▶ [WHAT NEEDS TO BE DONE] Give back the lines below exactly, but do not include any pictures.

▶ [INPUT DATA]
++++++++++
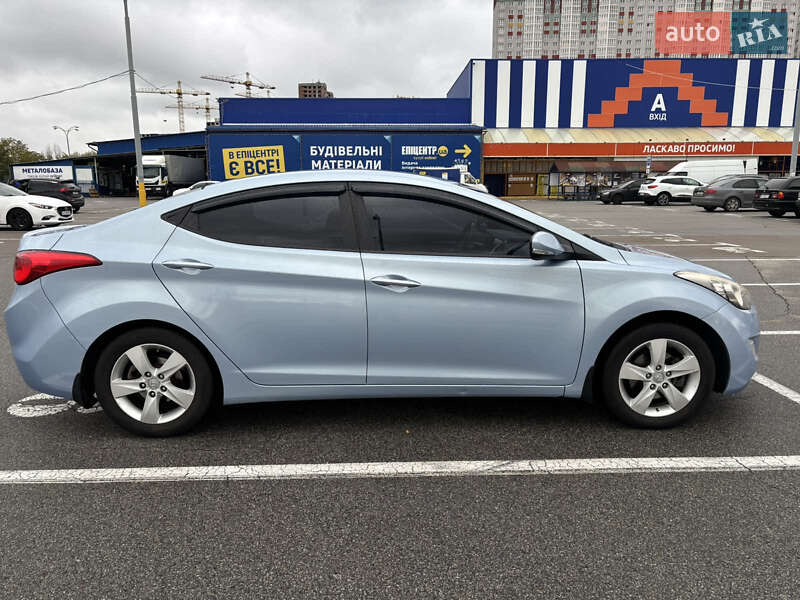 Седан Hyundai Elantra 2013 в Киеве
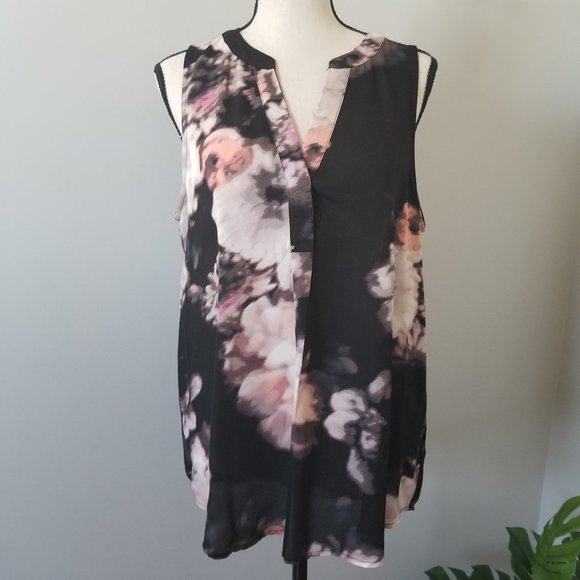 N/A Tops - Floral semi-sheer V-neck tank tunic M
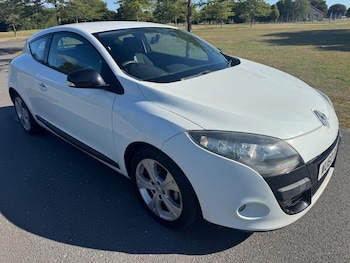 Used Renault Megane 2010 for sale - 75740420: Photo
++++++++++
▶ [FINISHED EXERCISE]
 Седан Hyundai Elantra 2013 в Киеве
 N/A Tops - Floral semi-sheer V-neck tank tunic M
 Used Renault Megane 2010 for sale - 75740420: Photo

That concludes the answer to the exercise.